Он просит извинить его: здесь он потерял привычку разговаривать и слишком забалтывается. Здесь нет никого, кроме мертвецов, которые все еще дышат, и половина из них даже не ходят. Хулиан делает движение, чтобы подняться, я протягиваю ему руку, но он отказывается от нее и поднимается, с жалким остатком былой энергии. Он выше меня, но ходит очень странно – слегка наклонив туловище и широко расставляя ноги. Хулиан спрашивает меня о работе: он слышал, что у меня хорошее место за границей и что я знаю больше языков, чем министр. В двери столовой, откуда валит отвратительный пар, как в казарме, он крепко пожимает мне руку на прощание и просит передать привет деду Мануэлю.
– Скажи, что от Хулиана-таксиста, водителя.
Я говорю, что, наверное, дед не вспомнит его, но Хулиан качает головой.
– Конечно же, вспомнит, ты только скажи ему и увидишь – он по крайней мере улыбнется: не мог он забыть все наши похождения в тавернах фламенко!
Он поворачивается ко мне спиной, и за ним закрываются створчатые двери с белыми рамами и матовым стеклом. Двери опять открываются, и я вижу, как он идет по коридору, очень высокий, с широким лысым затылком, с руками, висящими отдельно от тела, и широко расставленными ногами, более слабыми, чем туловище. Сквозь пар супа на меня смотрят выстроенные в ряд лица, обезображенные старостью. Из динамиков доносится современная литургическая песня с гитарным аккомпанементом. На стенах коридоров, на больничных изразцах, висят постеры с изображением длинноволосых приветливых Иисусов и зари с поэтическими надписями.

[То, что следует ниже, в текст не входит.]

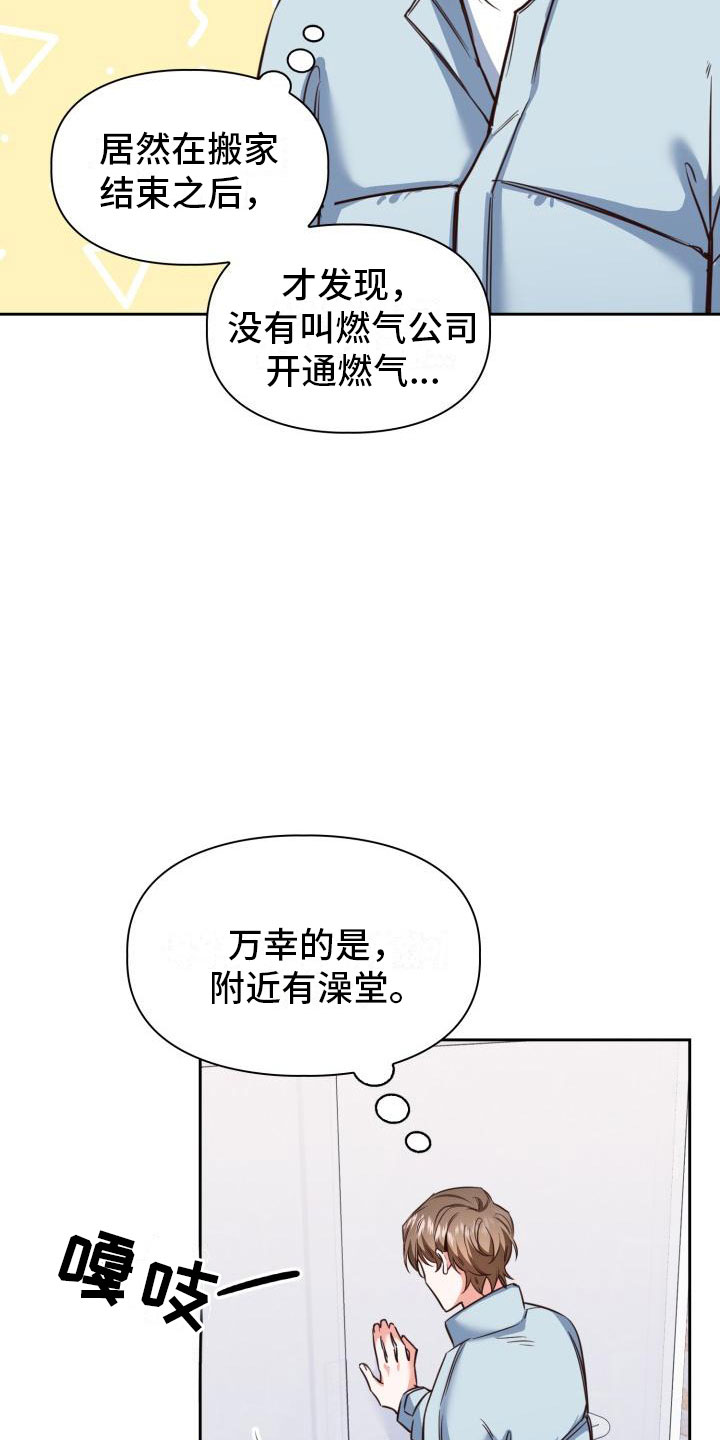 澡堂可爱小男孩漫画,第1章：澡堂初遇1图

Я прохожу мимо скамьи, на которой сидит дряхлая старуха, держащая четки своими подагрическими пальцами. Мне хочется поскорее уйти отсюда, чтобы больше не чувствовать этого запаха и не слышать издалека этих голосов и слащавых песен под гитару, стука столовых приборов по тарелкам из дюраля, медленного и одинокого шарканья по плитам пола. Я смотрю на часы: девять вечера, три пополудни в Нью-Йорке. Осталось несколько невыносимо долгих часов до того, как ты поднимешься в самолет, и целая вечность, пока ты приедешь в Мадрид и сядешь в автобус, направляющийся в Махину.

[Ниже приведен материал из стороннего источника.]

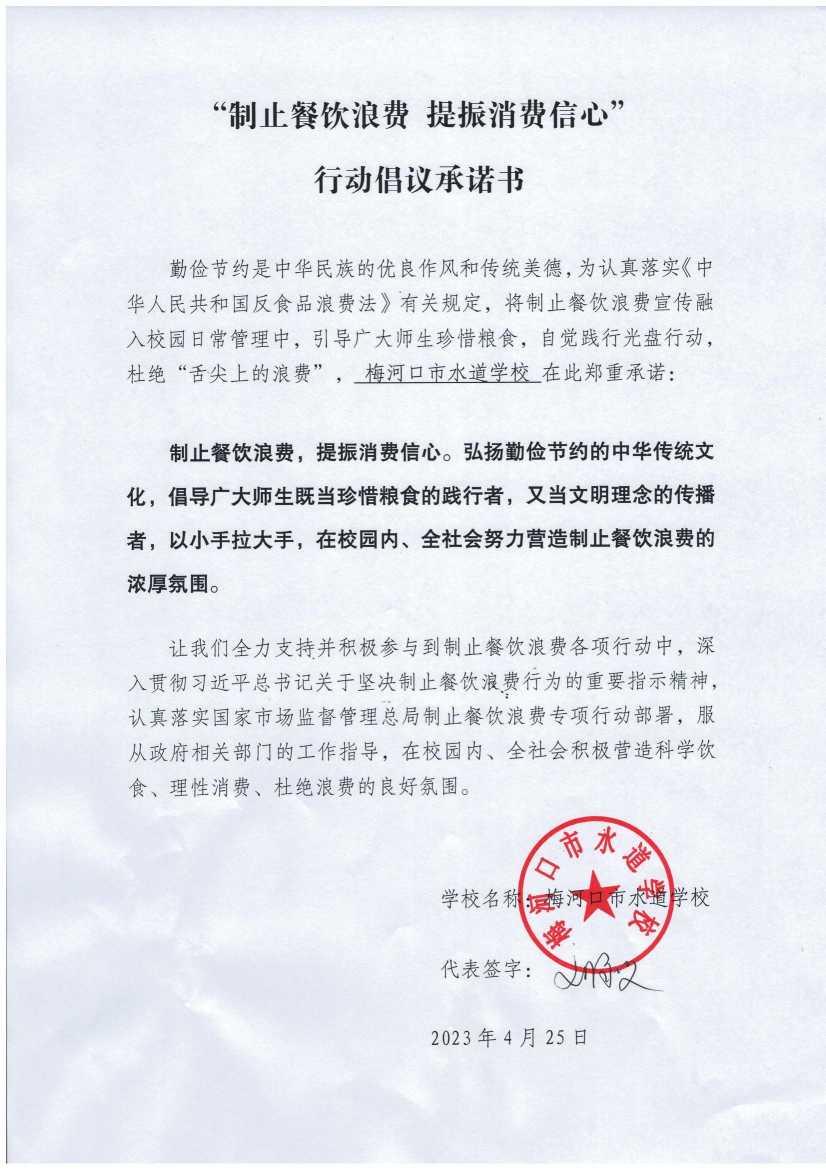 水道学校-承诺书_00.jpg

Я выхожу на улицу и радуюсь холоду, шуму, голосам из баров, молодым лицам и огням витрин. Я замечаю, что иду быстрее обычного: все еще бегу из приюта. Я гляжу по сторонам, и все то, что оставил там, кажется несуществующим. Те мужчины и женщины ничего общего не имеют с этим миром: они живут скрытые, как прокаженные, словно беженцы в равнодушной чужой стране, изгнанные из города, принадлежавшего им два поколения назад. Теперь, если бы им удалось выйти, они не узнали бы его, не смогли бы пройти с нужной скоростью по пешеходному переходу – заранее связанные с мертвыми, намного более похожие на них, чем на живых. Я слышу их голоса, но не хочу, чтобы они завладевали мной. Теперь я понимаю, как опасно слишком углубляться в воспоминания или чужой вымысел, и даже в свой собственный. В детстве нас уверяли, что если мы услышим песню тети Трагантии в Ночь святого Хуана – мы пропали, потому что она околдует нас и уведет за собой. Внезапно я не хочу слышать другого голоса, кроме твоего, не хочу иметь другой родины, кроме твоей, и другого прошлого, кроме последних месяцев. Я вижу в витрине черное платье, обтягивающее бедра пластмассового манекена в рыжем парике, и чувствую возбуждение, представляя это платье на тебе теплым вечером будущего мая. Я произношу твое имя, думаю о нем – также как пытаюсь вспомнить твое лицо, – называю тебя вслух:
– Надя, Надя Эллисон, Надя Галас.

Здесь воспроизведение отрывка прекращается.